ANew cluster means and covariances that maximize the log-likelihood
BThe posterior probability that each data point was generated by each mixture component
CThe marginal log-likelihood of the observed data under the current parameters
DA hard cluster assignment for each data point
The E-step computes the 'responsibilities' — the posterior probabilities r_{ik} = P(component k | data point i, current parameters) — for every data point and every component. These soft assignments say 'how much' each Gaussian component is responsible for each observation. The M-step then uses these responsibilities as weights to update the means, covariances, and mixing proportions. EM never makes hard assignments (that would be k-means, not EM); the soft probabilistic assignment is the key to its smooth convergence.
Question 2 True / False
EM is expected to converge to the global maximum of the likelihood function.
TTrue
FFalse
Answer: False
EM guarantees only that the observed-data log-likelihood is non-decreasing at each iteration — it never goes down. However, it may converge to a local maximum, a saddle point, or a plateau rather than the global maximum. The algorithm is sensitive to initialization: different starting parameters can lead to different solutions. In mixture models, for instance, bad initializations can lead to degenerate solutions where one component collapses onto a single data point. Running EM multiple times from different starting points and taking the best solution is standard practice.
Question 3 Short Answer
Why does the EM algorithm guarantee that the observed-data log-likelihood never decreases between iterations?
Think about your answer, then reveal below.
Model answer: Each E-step constructs a lower bound on the log-likelihood (the ELBO) that is tight at the current parameters; each M-step maximizes this lower bound, moving to parameters with at least as high a likelihood as before.

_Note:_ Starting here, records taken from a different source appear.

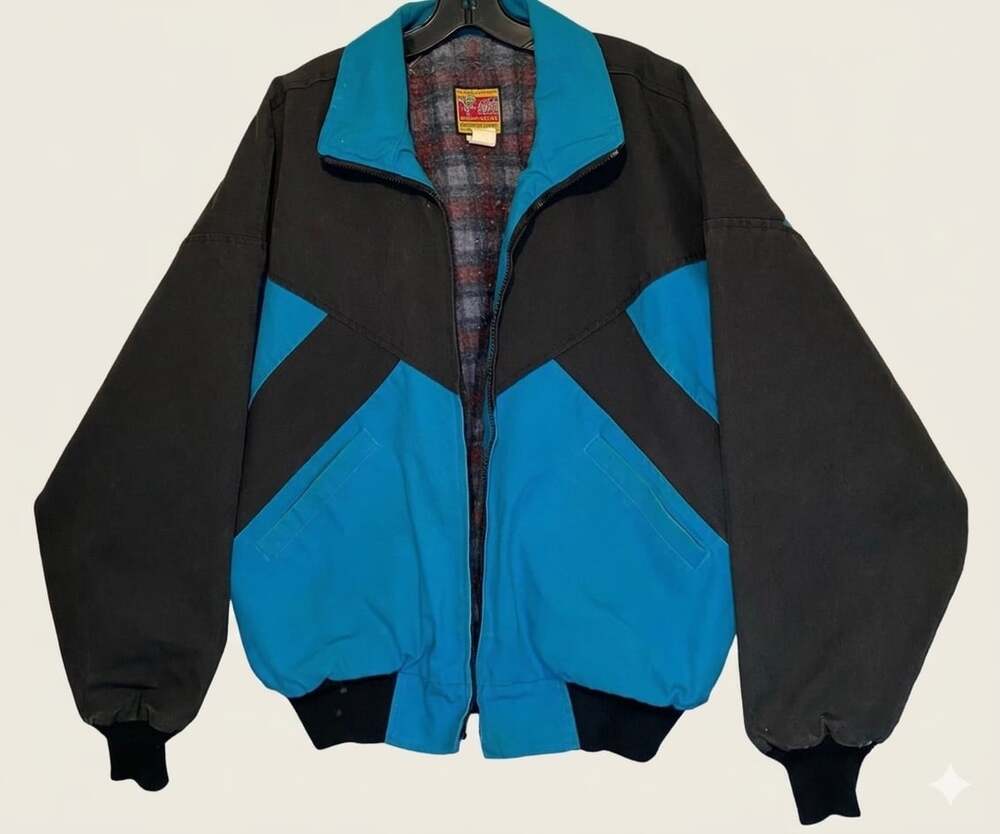 Vintage Bee-Wild Colorblock Western Style Canvas Bomber Jacket Made in USA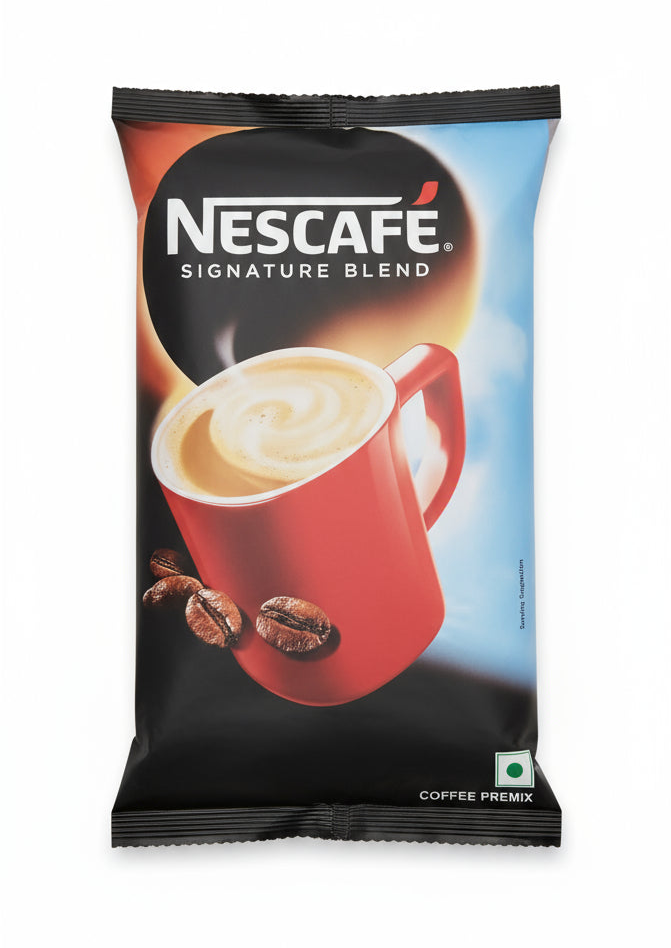 Nescafe Signature Blend vending coffee premix pack featuring a red cup with frothy coffee and coffee beans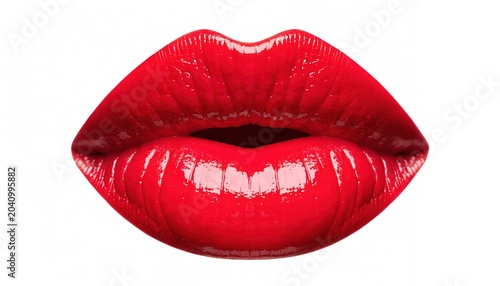 Close-up of glossy red lips with a white background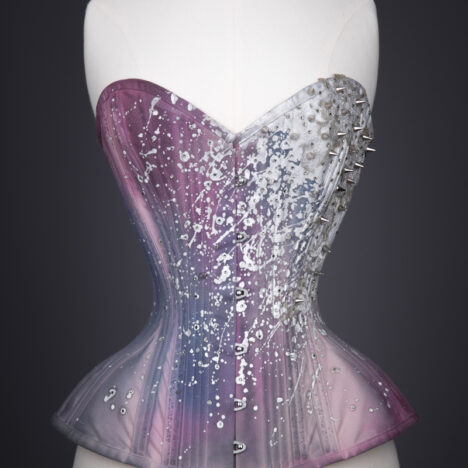 'Nebula' Painted Cotton Coutil Corset By Sparklewren, 2014, UK. The Underpinnings Museum. Photography by Tigz Rice.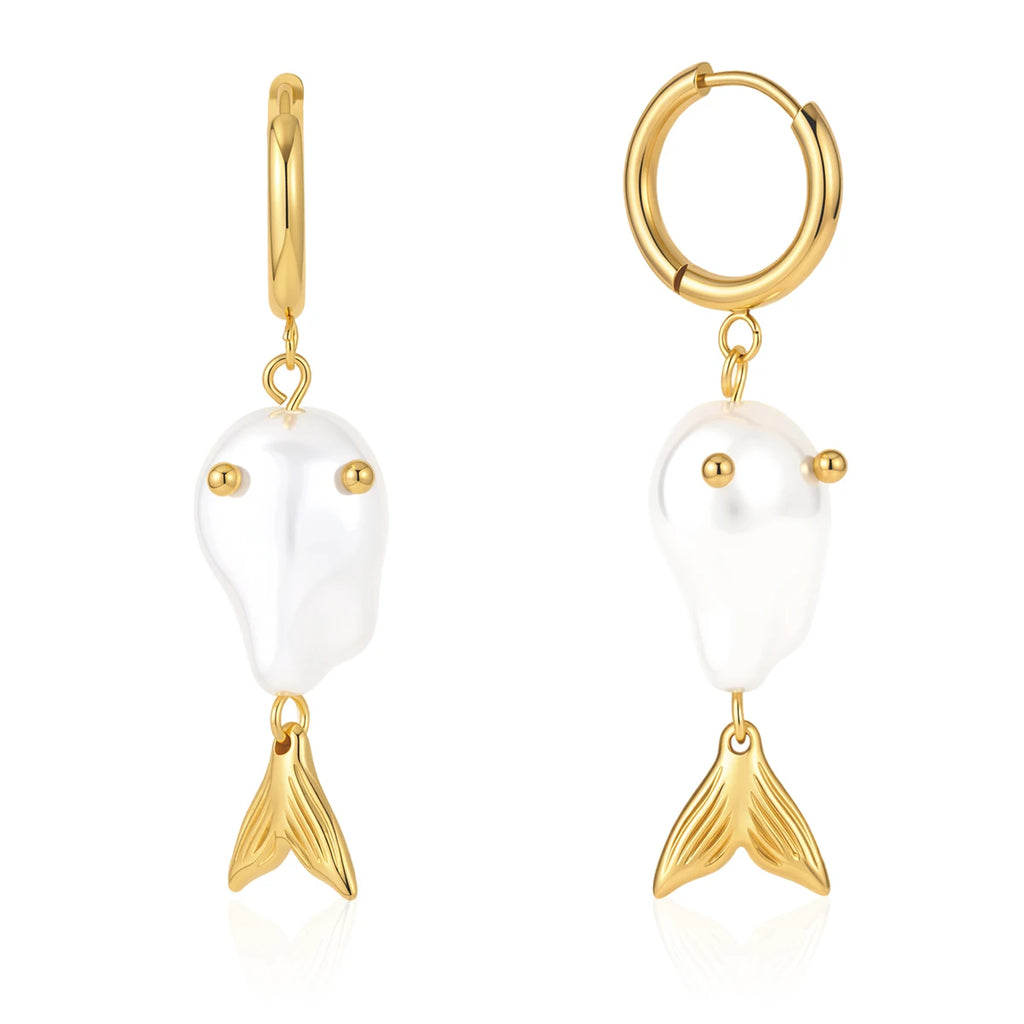 KIKA Delicate Fish Pendant Earrings  PVD Gold Plated Stainless Steel 316L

EM implicitly optimizes a lower bound called the Evidence Lower Bound (ELBO), derived via Jensen's inequality applied to the concave log function. The E-step finds the distribution over latent variables q(z) that makes the ELBO exactly equal to the log-likelihood at the current θ (tightening the bound). The M-step maximizes the ELBO over θ, which increases the lower bound. Because the E-step had made the bound tight, the new log-likelihood at the updated θ is at least as large as at the previous θ. This ascent guarantee does not require reaching a global maximum — it holds at every step.